More than 80 per cent of Britons were not saving enough to maintain their living standards in retirement, according to a 2022 report from Phoenix. The issue has become more pressing as, over the past two decades or so, more companies have adopted defined-contribution models, which ultimately leave employees bearing the risk for the size of their retirement pots.
Briggs said any changes to the pension system should have a twin focus: lifting savings rates through ramping up auto enrolment, and funnelling more money into private assets, a sprawling category encompassing private equity, infrastructure and venture capital.
It is a view echoed by John Graham, the president and chief executive of the roughly C$630bn ($460bn) Canada Pension Plan Investment Board, one of the world’s biggest investors in private assets.
“Private equity has been the biggest driver of returns for our portfolio,” said Graham. “I don’t think there’s extra risk — what you do give up is liquidity. Private markets work well when you have pooled assets with a long-term time horizon.”
Australian and Canadian pension funds have a much higher allocation to equities and private assets than those in Britain, which has boosted their returns. Over the past decade, the overall size of the UK pensions industry has grown at 2.9 per cent a year versus 4.2 per cent for Canada and 6.8 per cent for Australia, according to the Thinking Ahead Institute.
Like the call to make pension funds shift more money into UK assets, any move to increase their allocation to private assets would also be contentious, especially as higher interest rates raise questions about the sustainability of their returns.
The Bank of England has warned about a build-up of significant risks in some types of private assets, such as private equity. Regulators have also noted worries that private assets are being held on investors’ balance sheets at inflated values.
At the same time, investing in private assets is more expensive than allocating to bonds or equities strategies that track an index.
Steven Batchelor, a partner at Hg Capital, a UK buyout firm specialising in the software industry, argued that pension funds need the flexibility to invest in areas that deliver better returns after fees.

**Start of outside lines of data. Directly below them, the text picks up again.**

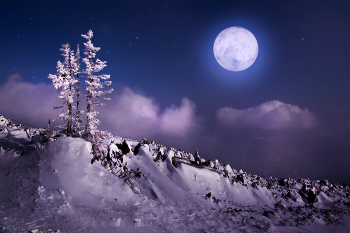 Mondlandschaft / ***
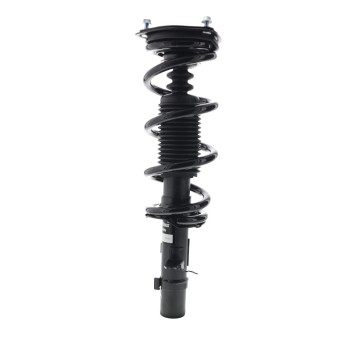 Suspension Strut and Coil Spring Assembly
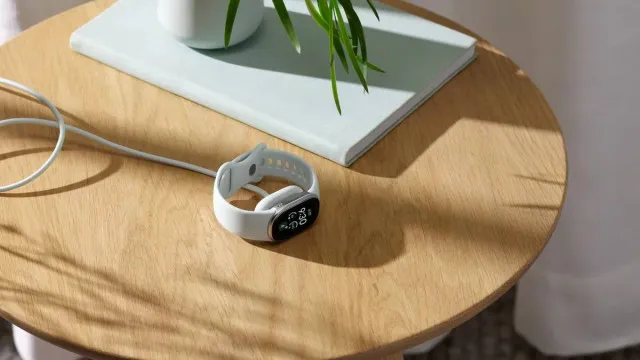 Google desvendou nova pulseira de fitness. Chama-se Fitbit Edge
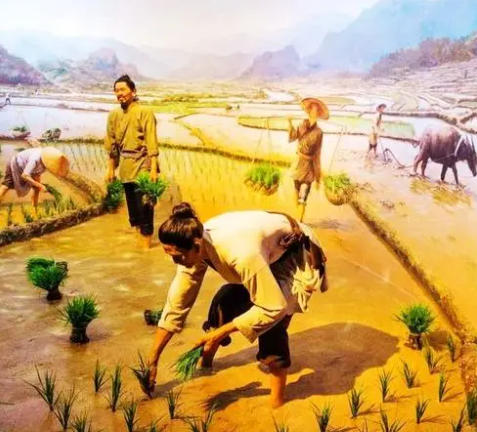 在新石器时代,我国原始农业最发达的地区,是哪一个区域?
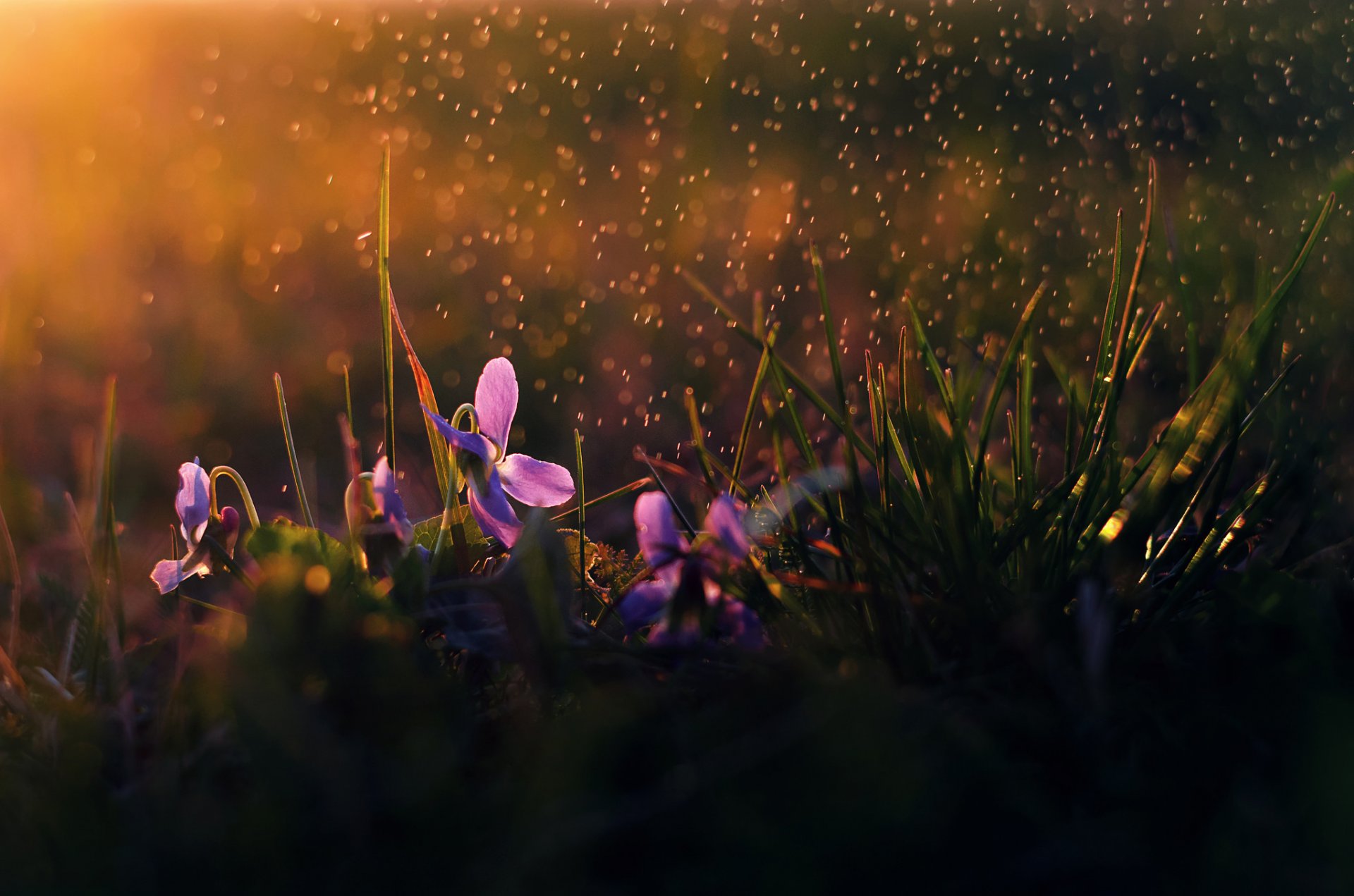 fleurs pluie matin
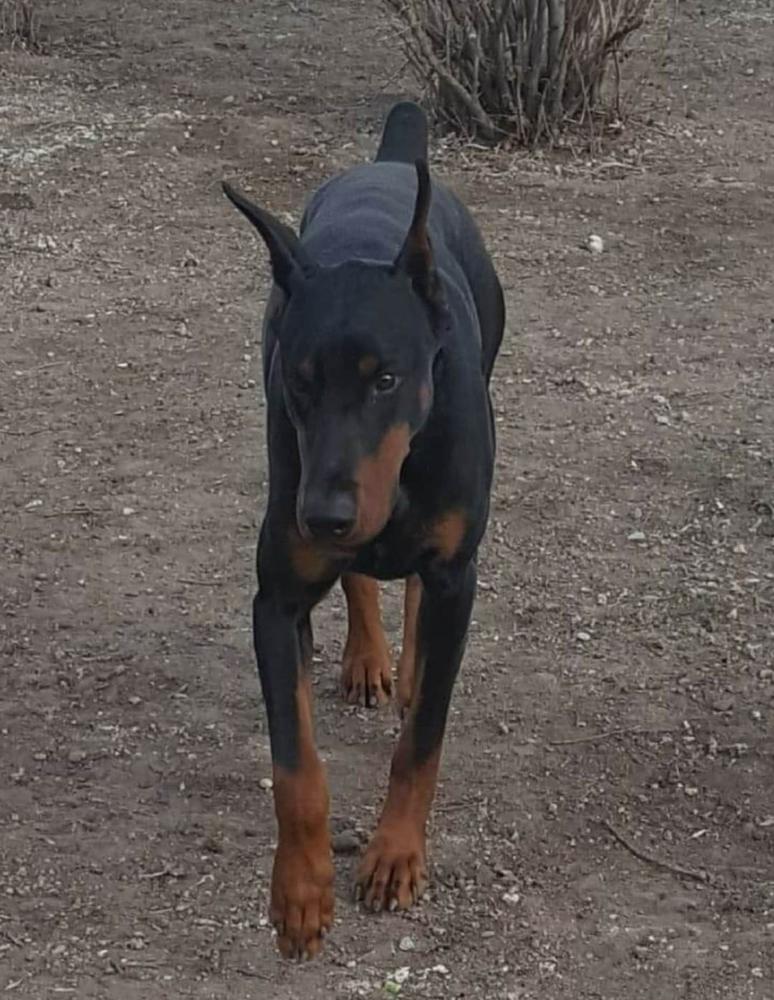 South Paws imperial Diesel Lightning
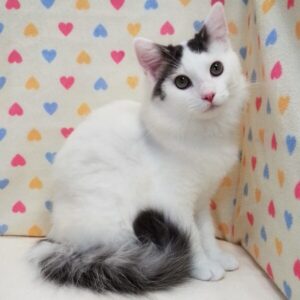 Alternative view of ノルウェージャン・フォレスト・キャット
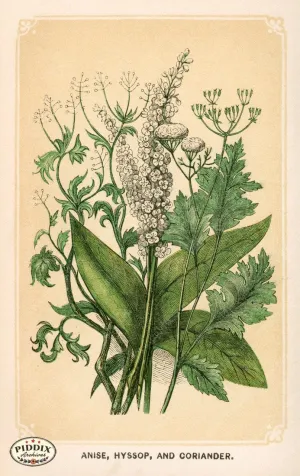 PDXC2588 -- Plants & Leaves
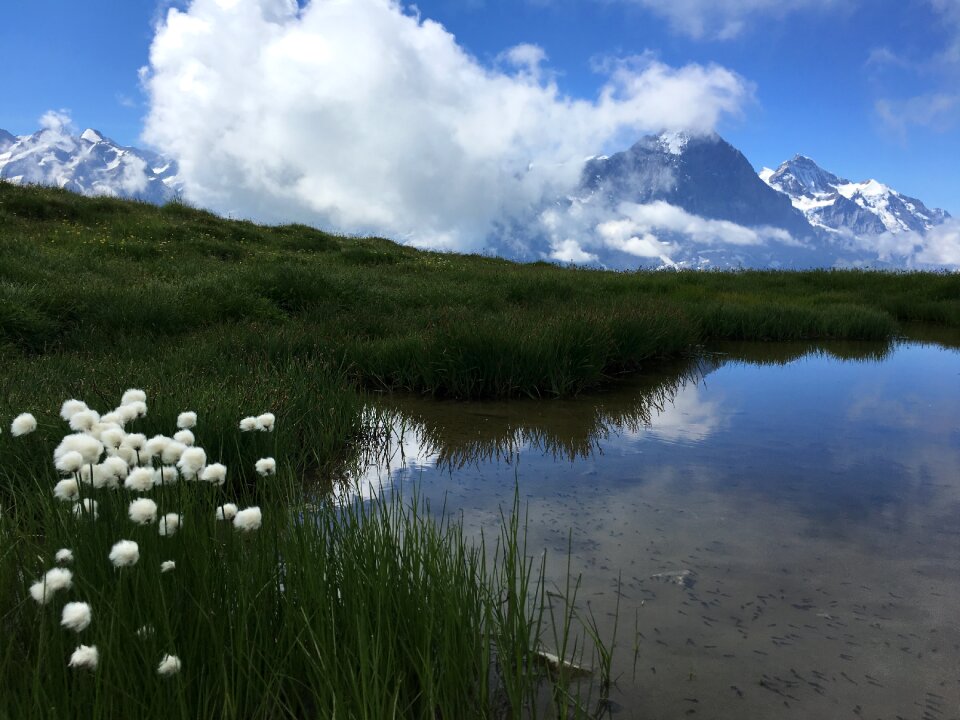Idyllic landscape in the Alps with fresh green meadows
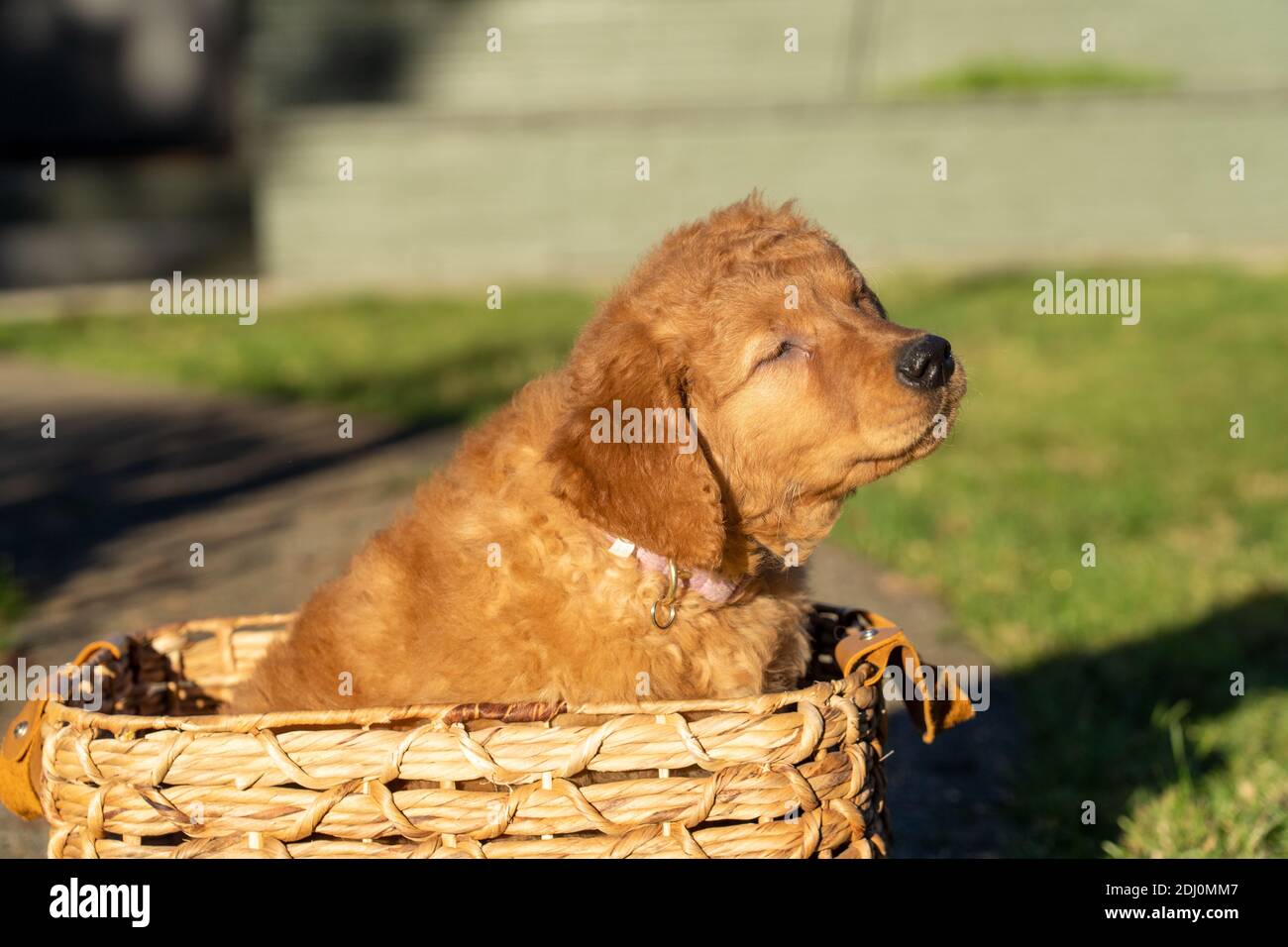 Issaquah, Washington, États-Unis. Maple, un chiot Red Golden Retreiver de 10 semaines, assis dans un panier avec ses yeux fermés, sur le point de secouer. Banque D'Images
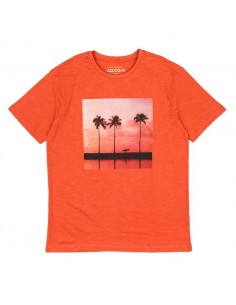 Camiseta Manga Corta...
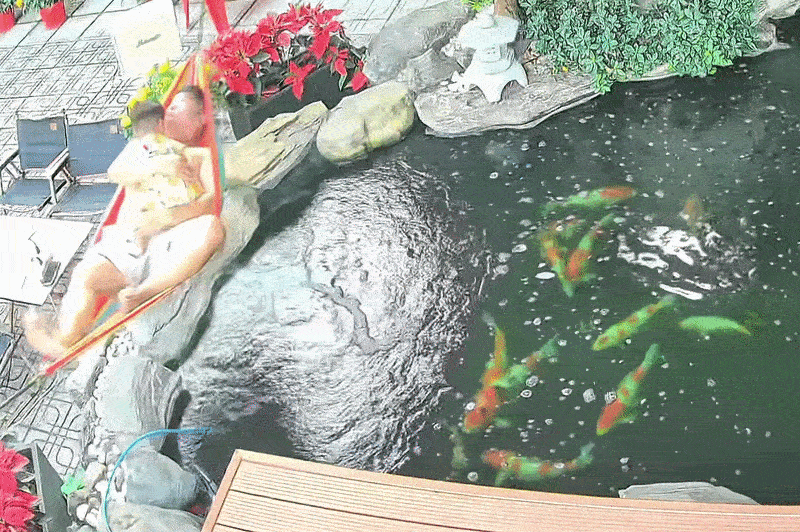 Vong 'dut phut', 2 bo con nga lon co xuong ho ca Koi 100 trieu dong hinh anh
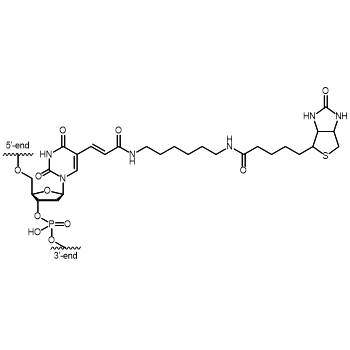Biotin dT Internal modification: Chemical structure of dT-Biotin bound to an oligonucleotide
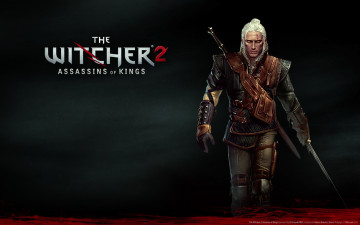 Картинка the witcher assassins of kings видео игры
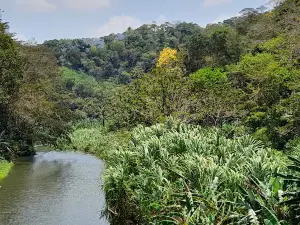 グアトポ国立公園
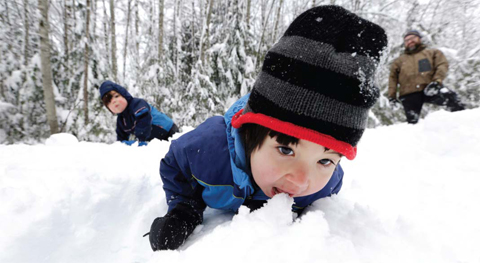 WASHINGTON: Leon Perkins, 3, leans forward to take a bite of snow as he plays with his brother Conner, left, 2, and his father Erin at Snoqualmie Pass. The Seattle family headed to the mountains Tuesday to enjoy the new snow that fell overnight. — AP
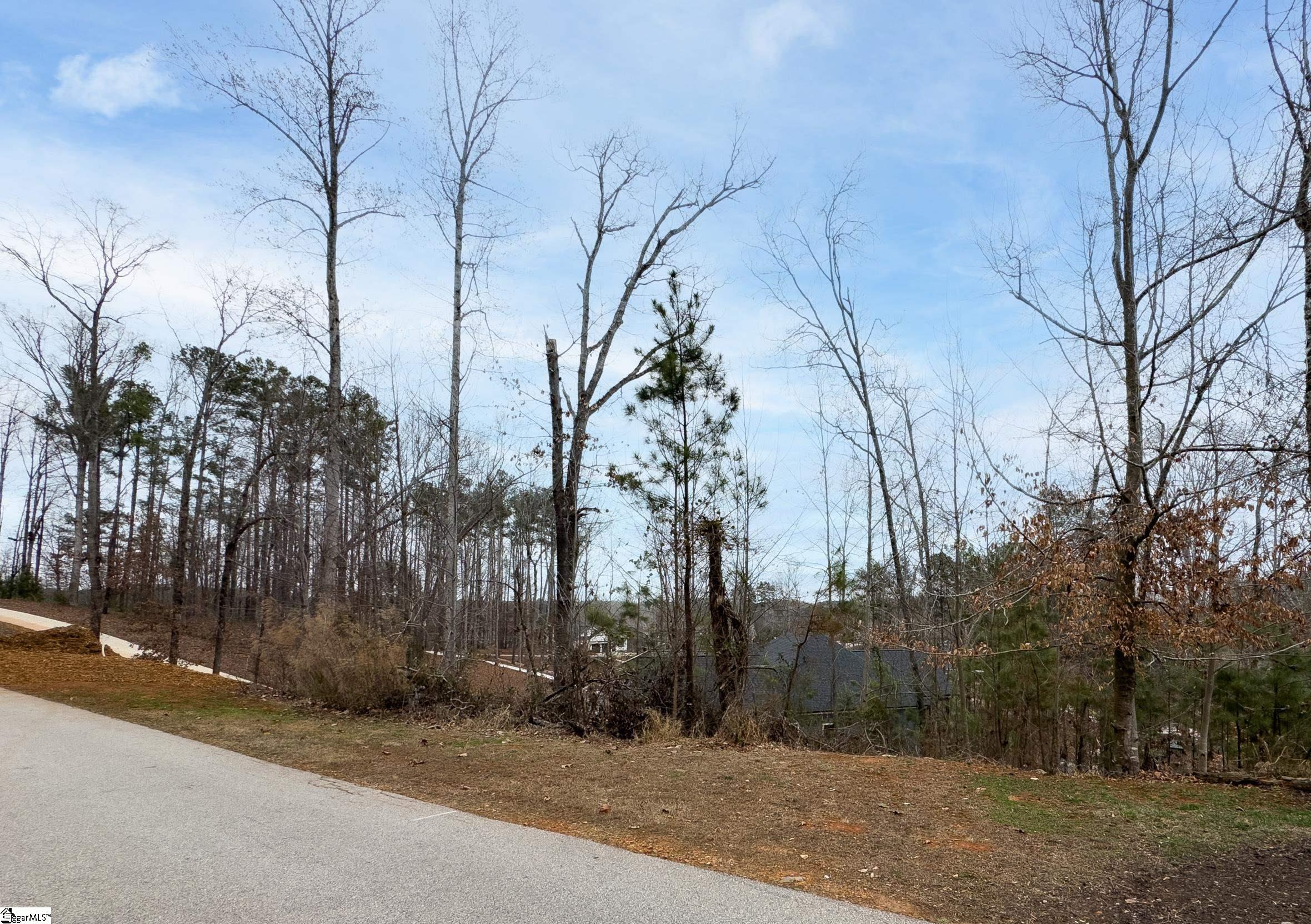 Lot 17 Retreat Pointe Road Property Photo 4
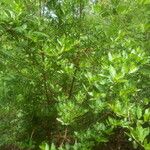 Feretia apodanthera Otro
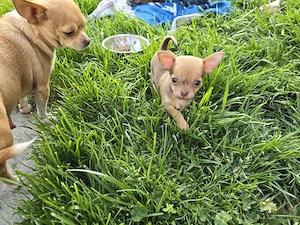 Ich darf ausziehen! Kleiner Herzensbrecher sucht Dich!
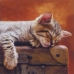 Салфетка для декупажа Спящий котенок, 33х33 см, Германия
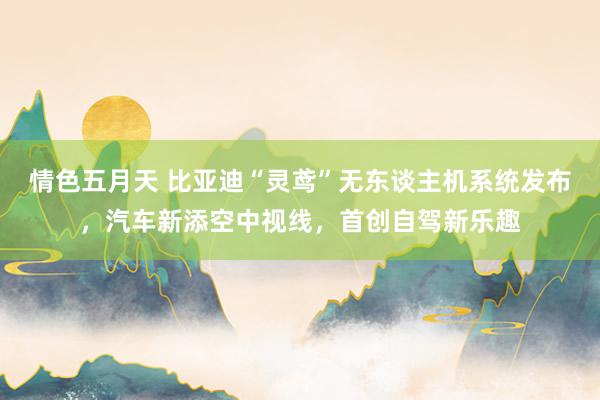 情色五月天 比亚迪“灵鸢”无东谈主机系统发布，汽车新添空中视线，首创自驾新乐趣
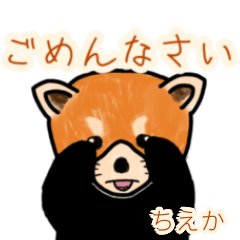 Chieka's lesser panda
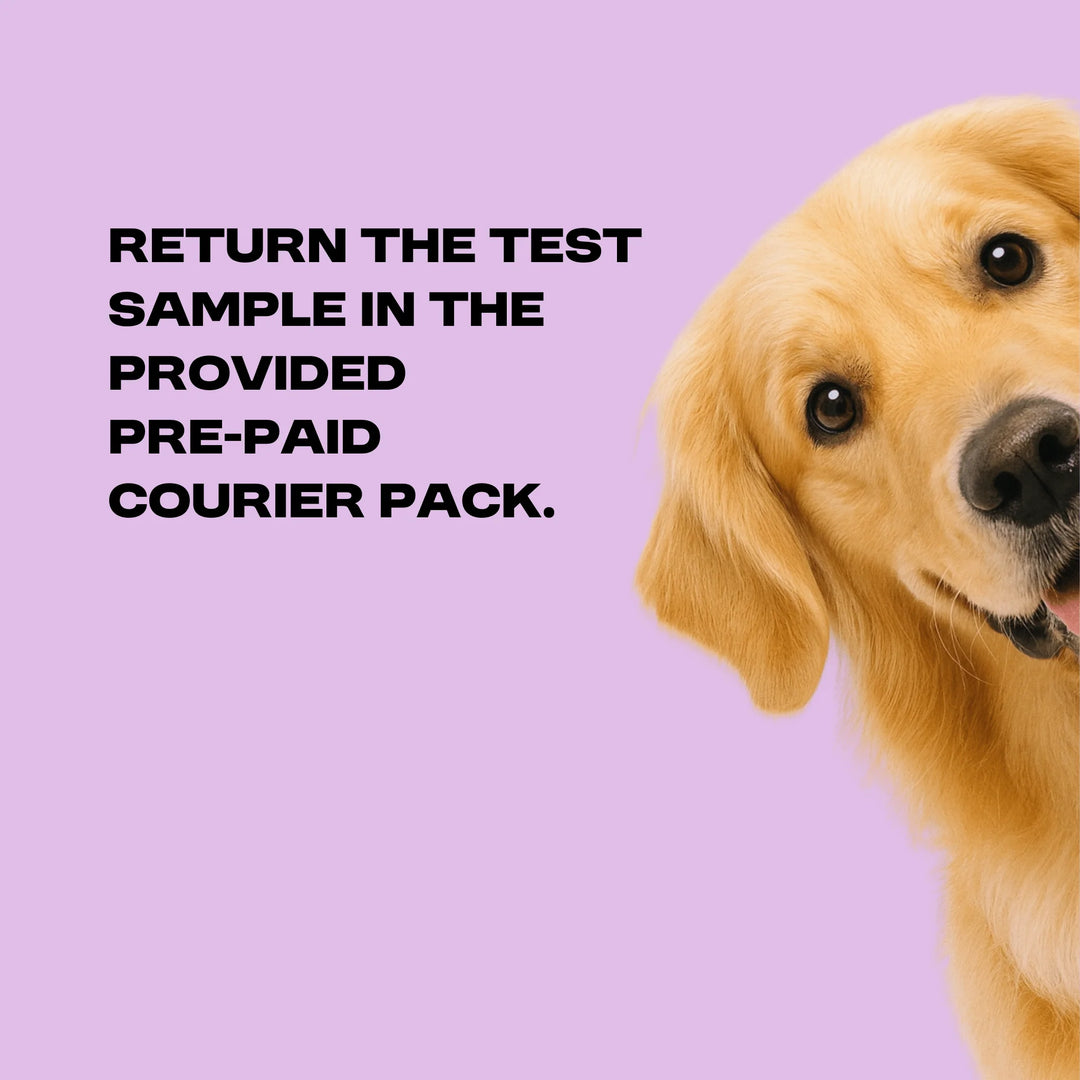 Complete Dog Intolerance Screening Test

Without that, he said, “there is a danger that pension schemes operate on a penny-smart, pound-foolish basis — which ultimately hurts UK pensioners the most”.
Channelling more money into private assets, including start-ups, is a central tenet of the Mansion House reforms. They include an agreement by 11 of the UK’s biggest DC pension providers to target allocating 5 per cent of their default funds, or up to £50bn, to unlisted assets by 2030.
Yet in a sign of how heated the debate over the future of the pension industry has become, the providers stopped short of pledging to lift their investment in UK companies, whether public or private.
As the City awaits what polls suggest will be a first Labour government since 2010, some executives argue that the agenda remains too timid.
“We need to be much bolder,” said Peter Harrison, the chief executive of FTSE 100 asset manager Schroders, arguing for the need for ramping up auto enrolment in pension plans, tax credits to encourage investment and the full pooling of local government schemes. “That would change the playing field massively in favour of UK investment.”
Like Scullion, Harrison is a member of the Capital Markets Industry Taskforce, a group of 10 business leaders set up in 2022 to make the case for a sweeping overhaul of capital markets. For the entrepreneur from Altrincham, near Manchester, the chief aim is clear.
“You can have as good a public market set-up as you like,” said Scullion. “But if you don’t have companies to take public in the first place, then all of that’s for zip. The single most important thing we need to do is to learn how to build consequential companies as a matter of course.”